**Problem description**
Leave out the pictures and copy each record below exactly.

**Image-text web data**
================
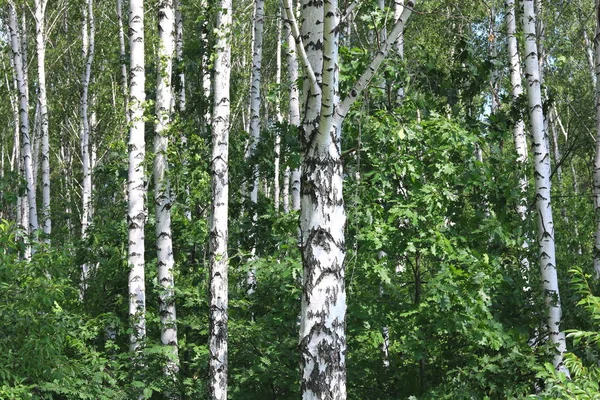 Belas Árvores Bétula Com Casca Bétula Branca Bosque Bétula Com — Fotografia de Stock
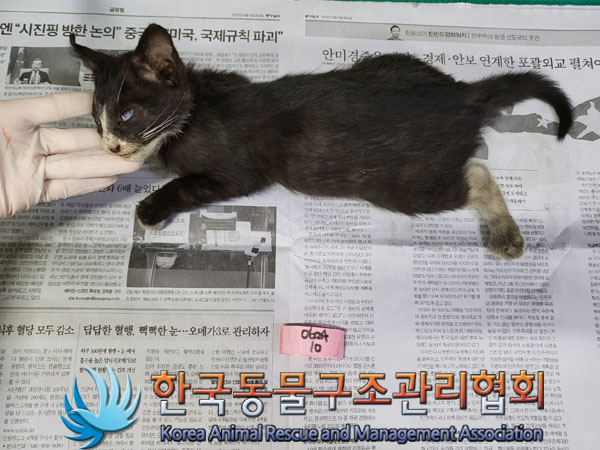 한국동물구조관리협회_411316202300491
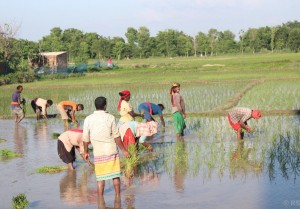मधेस प्रदेशमा रोपाइँको चटारो, पर्याप्त वर्षापछि किसान उत्साहित    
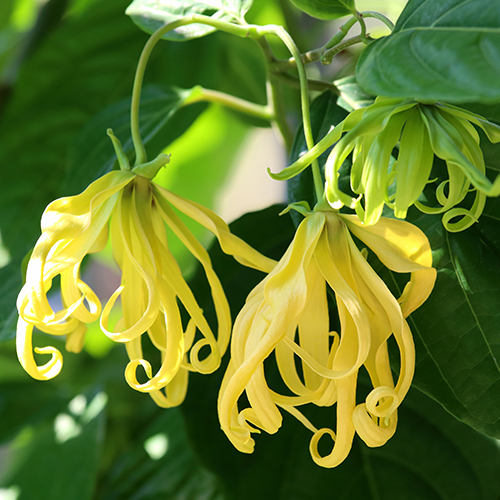 [GO5109천연화장품원료/재료] 일랑일랑(YLANG YLANG)-MN : GO5109
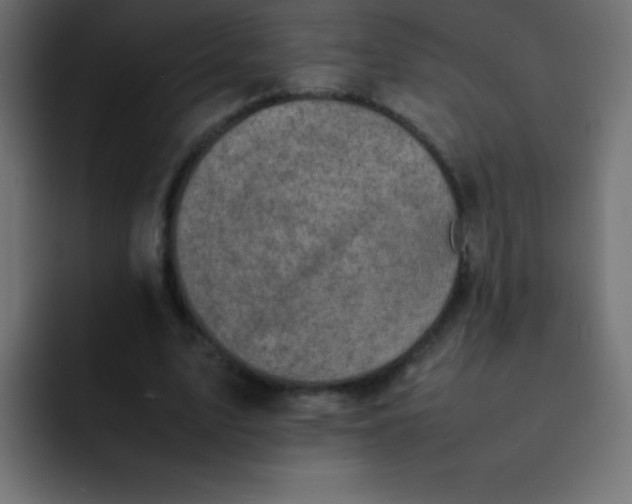 X0000092100583200710031214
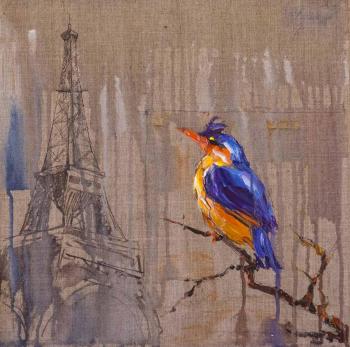 Kingfisher. Paris. Rodries Jose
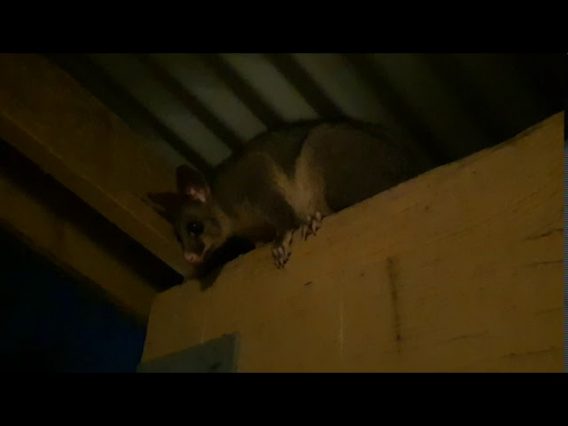 Blossom the Possum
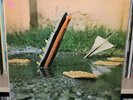 PETE BROWN & PIBLOTKO THOUSANDS ON A RAFT PRE-EMI HARVEST UK PROG OG LP CLEAN
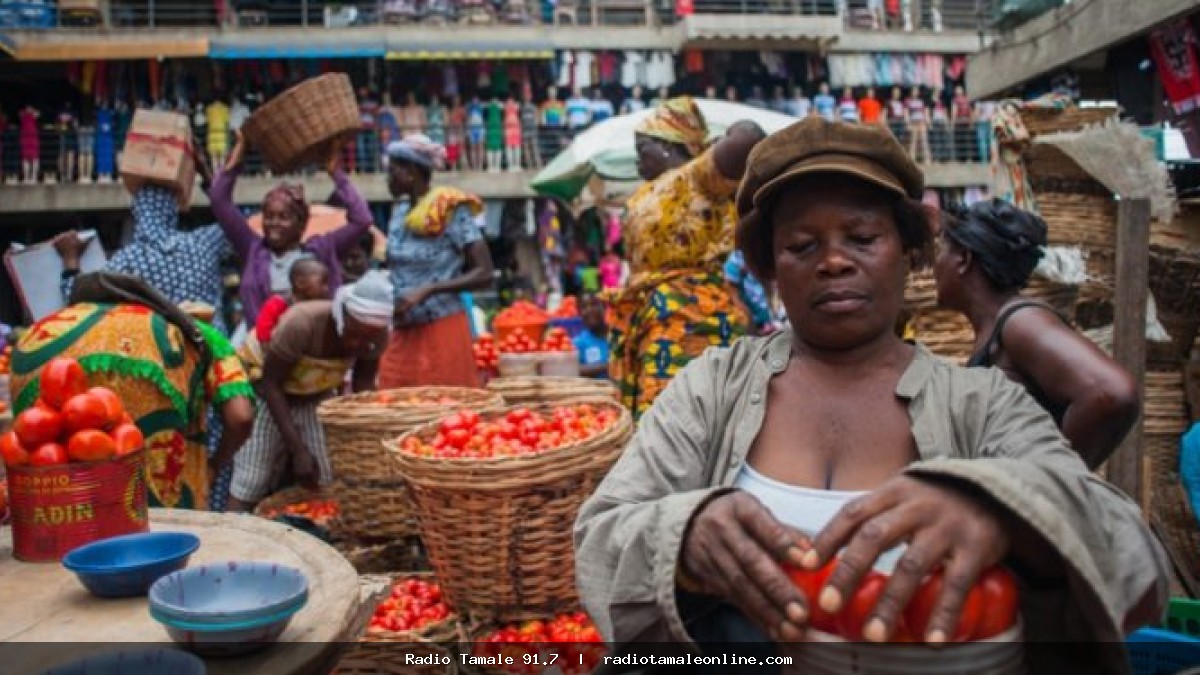 August inflation: 5% rise marginal, no need to panic – GUTA
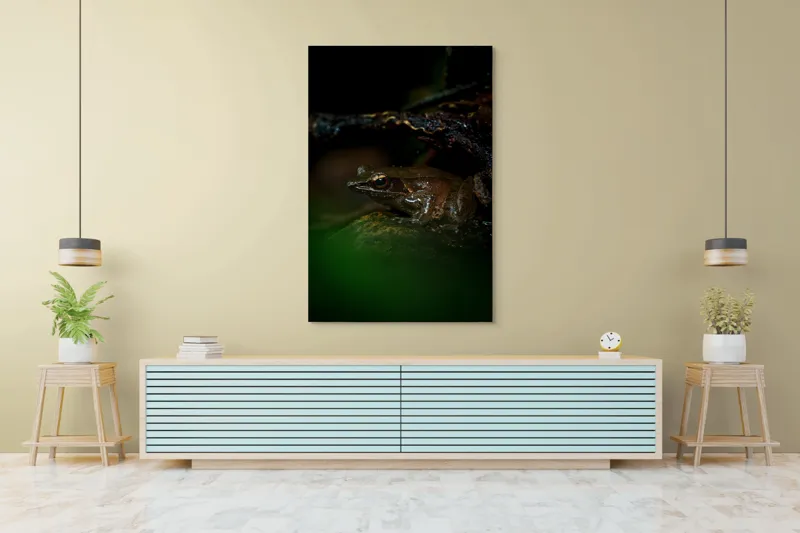 Tablou Canvas, "Broasca meditând sub cerul nopții", Broască, Ochi, Apă, Piatra, Verde, Natură, Lumină, Umbre, 100 x 150 cm – poza 4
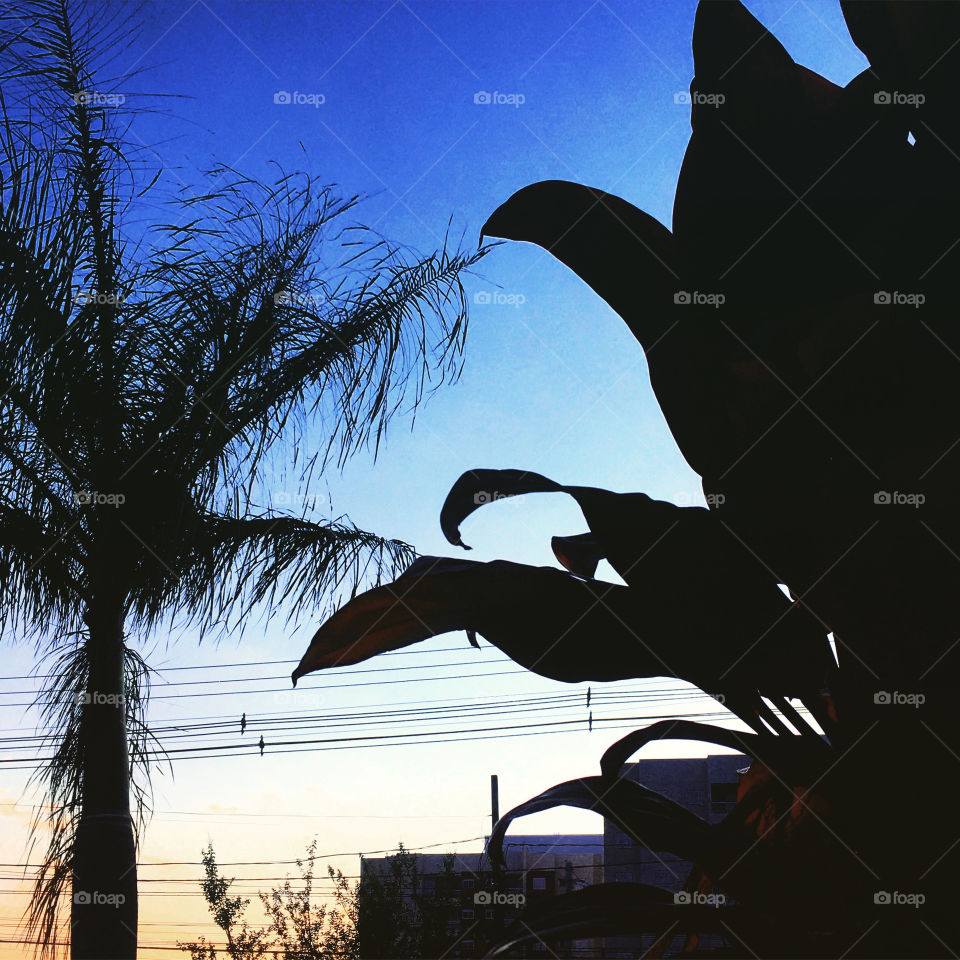 Desperte, #Jundiaí, com a manhã #fria e de #vento. Mesmo assim, há de ser uma ótima #SextaFeira!
🍃🙌🏻
#sol #sun #sky #céu #photo #nature #morning #alvorada #natureza #horizonte #fotografia 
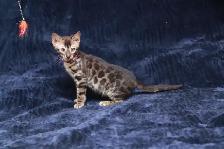 Bengal Kittens - Photo 3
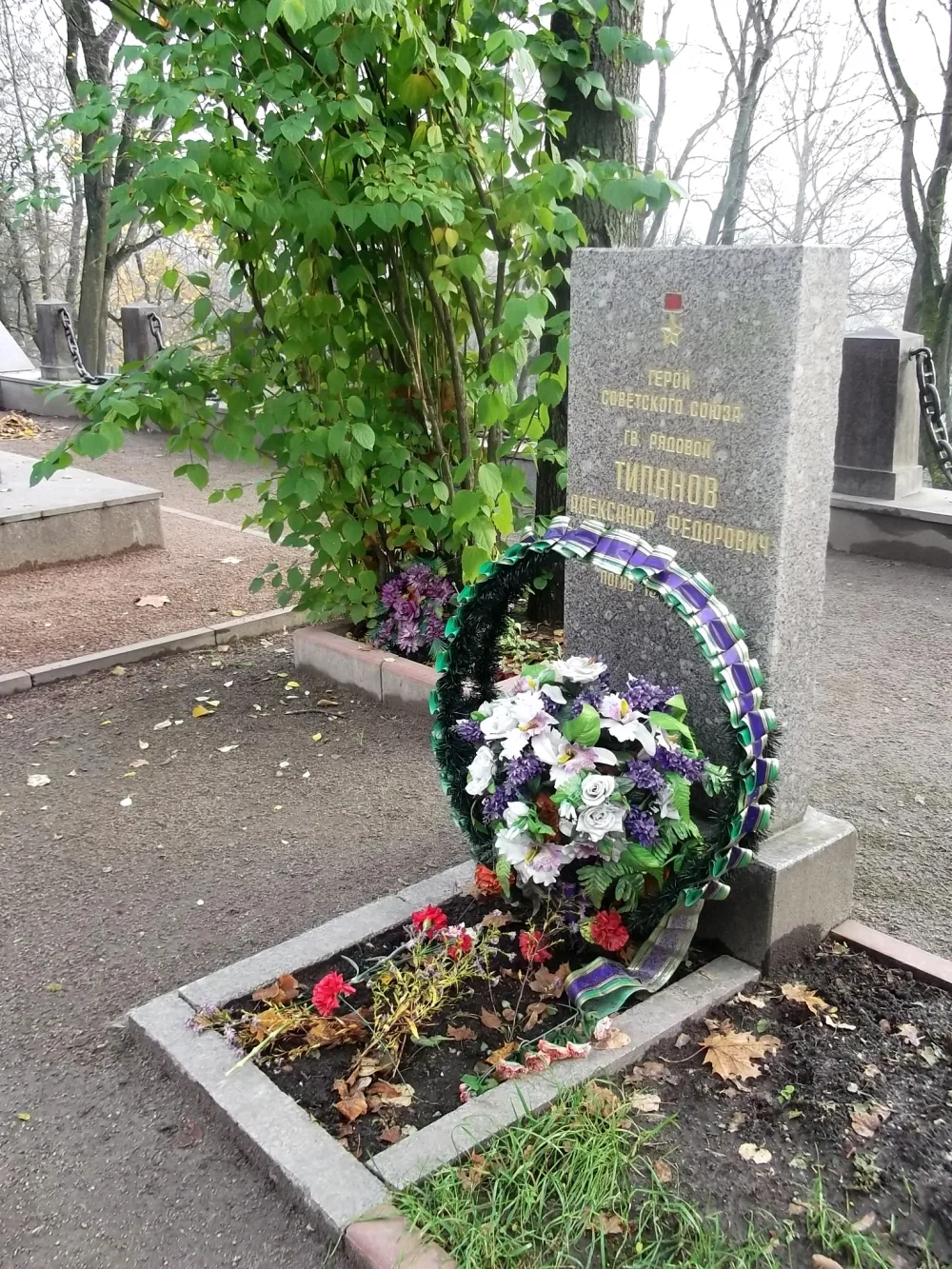 Могила А.Ф. Типанова (1924-1944), Героя Советского Союза (Красное Село)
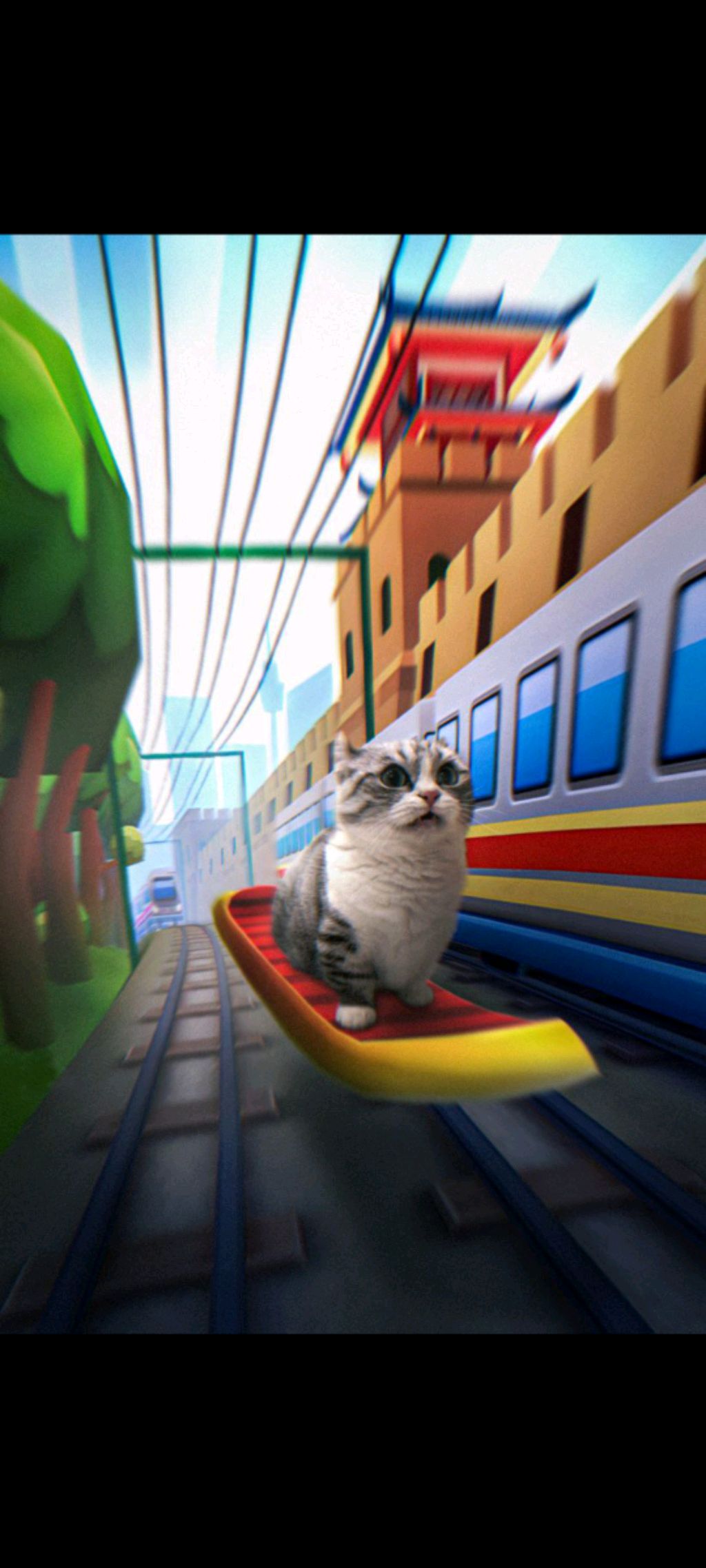 все мои видео будут в youtube формате а канале Vika Roblox Cat
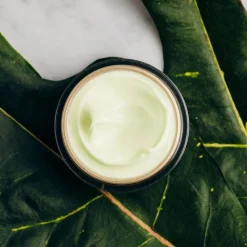 Crème réparatrice anti-rides de jour CBD oil>BIOTANIQE Best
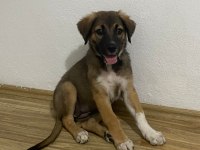 3 aylık sevimli yavru köpeğimiz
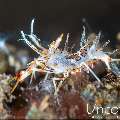 Tiger Shrimp (Phyllognathia ceratophthalma), photo taken in Indonesia, Bali, Tulamben, Tukad Linggah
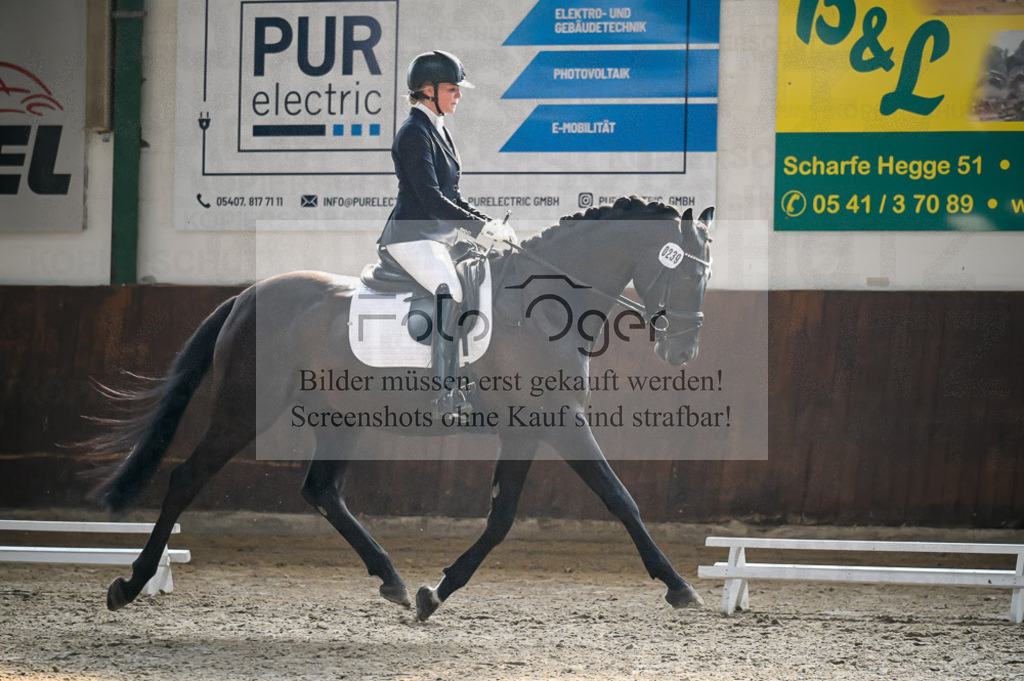 Reitturnier Voxtrup | Entdecke hochwertige Reitturnierfotos von Foto Oger. Professionell, emotional und authentisch – jetzt Lieblingsmomente im Shop bestellen.Deutschlandweite Turnierfotografie. - Realisiert mit Pictrs.com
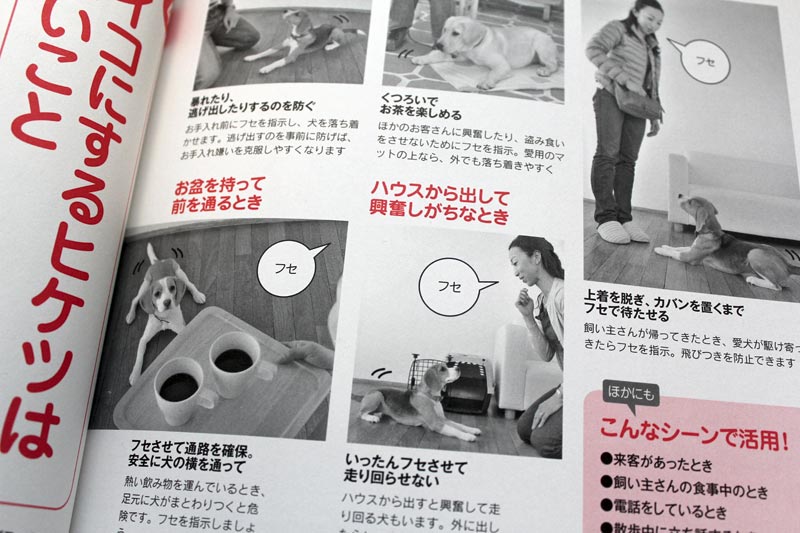 伏せる空花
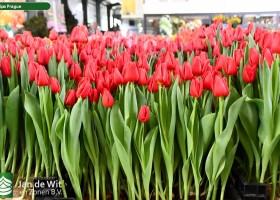 Tulipa Prague (1)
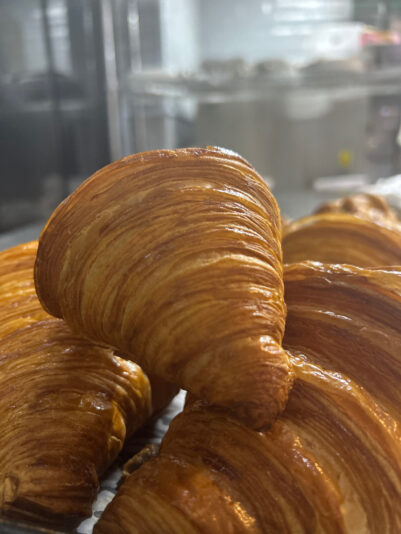 78F69B0B-A5AA-4058-8F45-EEFA3A90240D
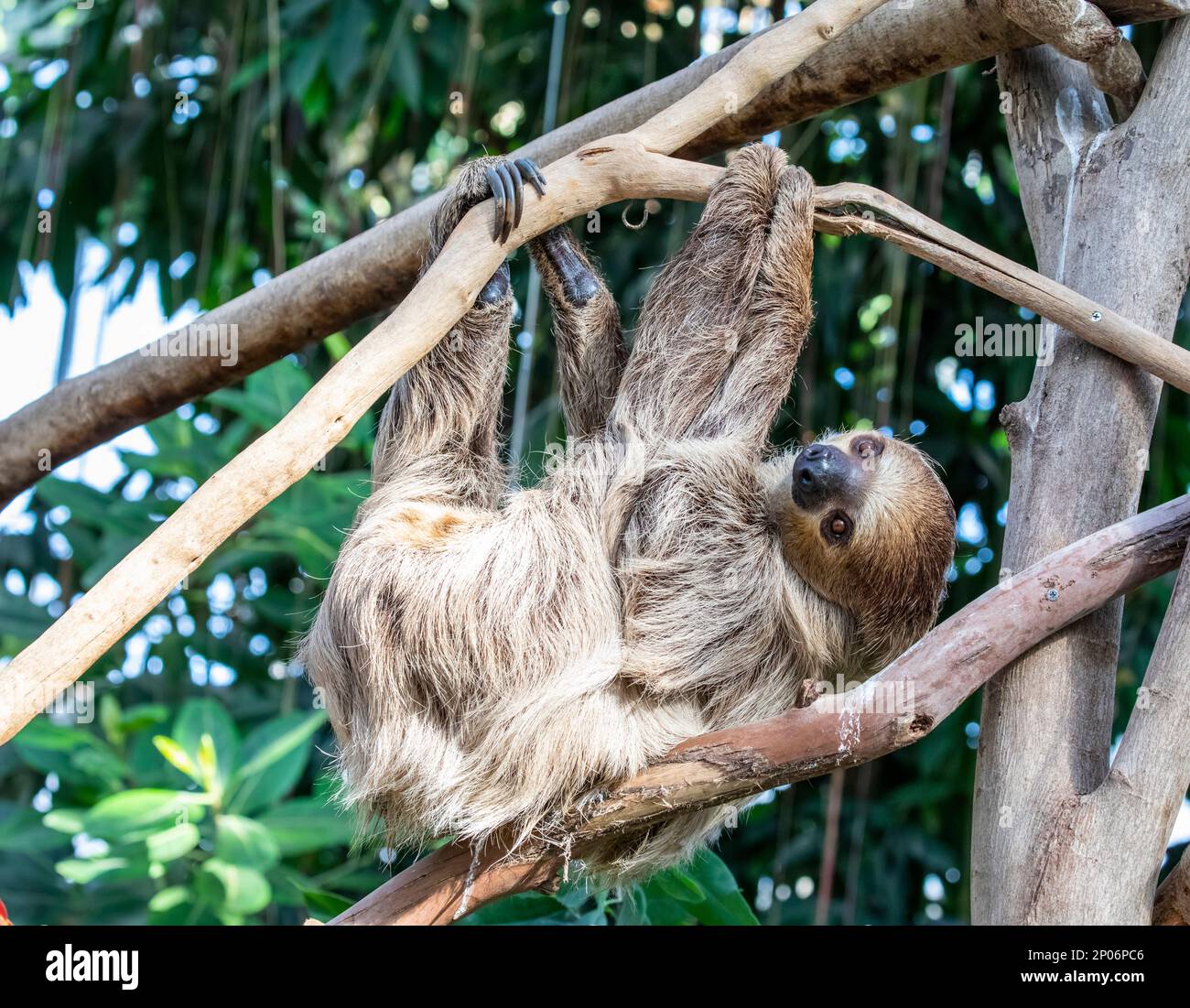 L'image rapprochée du Sloth à deux doigts de Linneaus (Choloepus — free download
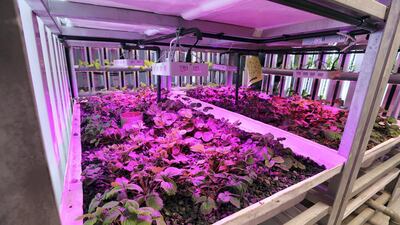 Vertical farms produce leafy greens, chillies and strawberries in vertical farms, even at the height of summer. Produce grown in the farm uses 90 per cent less water than traditional agriculture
================
**Finished exercise**
 Belas Árvores Bétula Com Casca Bétula Branca Bosque Bétula Com — Fotografia de Stock
 한국동물구조관리협회_411316202300491
मधेस प्रदेशमा रोपाइँको चटारो, पर्याप्त वर्षापछि किसान उत्साहित    
 [GO5109천연화장품원료/재료] 일랑일랑(YLANG YLANG)-MN : GO5109
 X0000092100583200710031214
 Kingfisher. Paris. Rodries Jose
 Blossom the Possum
 PETE BROWN & PIBLOTKO THOUSANDS ON A RAFT PRE-EMI HARVEST UK PROG OG LP CLEAN
 August inflation: 5% rise marginal, no need to panic – GUTA
 Tablou Canvas, "Broasca meditând sub cerul nopții", Broască, Ochi, Apă, Piatra, Verde, Natură, Lumină, Umbre, 100 x 150 cm – poza 4
 Desperte, #Jundiaí, com a manhã #fria e de #vento. Mesmo assim, há de ser uma ótima #SextaFeira!
🍃🙌🏻
#sol #sun #sky #céu #photo #nature #morning #alvorada #natureza #horizonte #fotografia 
 Bengal Kittens - Photo 3
 Могила А.Ф. Типанова (1924-1944), Героя Советского Союза (Красное Село)
 все мои видео будут в youtube формате а канале Vika Roblox Cat
 Crème réparatrice anti-rides de jour CBD oil>BIOTANIQE Best
 3 aylık sevimli yavru köpeğimiz
 Tiger Shrimp (Phyllognathia ceratophthalma), photo taken in Indonesia, Bali, Tulamben, Tukad Linggah
 Reitturnier Voxtrup | Entdecke hochwertige Reitturnierfotos von Foto Oger. Professionell, emotional und authentisch – jetzt Lieblingsmomente im Shop bestellen.Deutschlandweite Turnierfotografie. - Realisiert mit Pictrs.com
 伏せる空花
 Tulipa Prague (1)
 78F69B0B-A5AA-4058-8F45-EEFA3A90240D
 L'image rapprochée du Sloth à deux doigts de Linneaus (Choloepus — free download
 Vertical farms produce leafy greens, chillies and strawberries in vertical farms, even at the height of summer. Produce grown in the farm uses 90 per cent less water than traditional agriculture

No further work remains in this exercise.